Hemoglobin and chlorophyll are also intracomplex compounds.

The most important feature of chelates is their increased stability in comparison with similarly constructed non-cyclic complexes.

Examples of problem solving

In reactions Co Cl 3 + 6 N H 3 = Cl 3 and 2KCI + PtCI 2 = K 2 complex compounds Cl 3 and K 2 are called complex compounds.

Such compounds are formed if the original molecules can exhibit "additional" valence due to the formation of a covalent bond in the donor-acceptor type. To do this, one of the molecules must contain an atom with free orbitals, and the other molecule must have an atom with a lone pair of valence electrons.

Composition of complex compounds.

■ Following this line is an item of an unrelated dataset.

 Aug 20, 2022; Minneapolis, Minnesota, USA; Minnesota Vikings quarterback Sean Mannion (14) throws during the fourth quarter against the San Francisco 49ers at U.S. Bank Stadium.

According to the coordination theory of A. Verner, complex compounds are distinguished internal and external spheres... The inner sphere (complex ion or complex), as a rule, is enclosed in square brackets, and consists of complexing agent(atom or ion) and surrounding ligands:

ligand complexing agent

[Co (NH 3) 6] CI 3

inner sphere outer sphere

Atoms or ions with vacant valence orbitals serve as complexing agents. The most common complexing agents are atoms or ions of d - elements.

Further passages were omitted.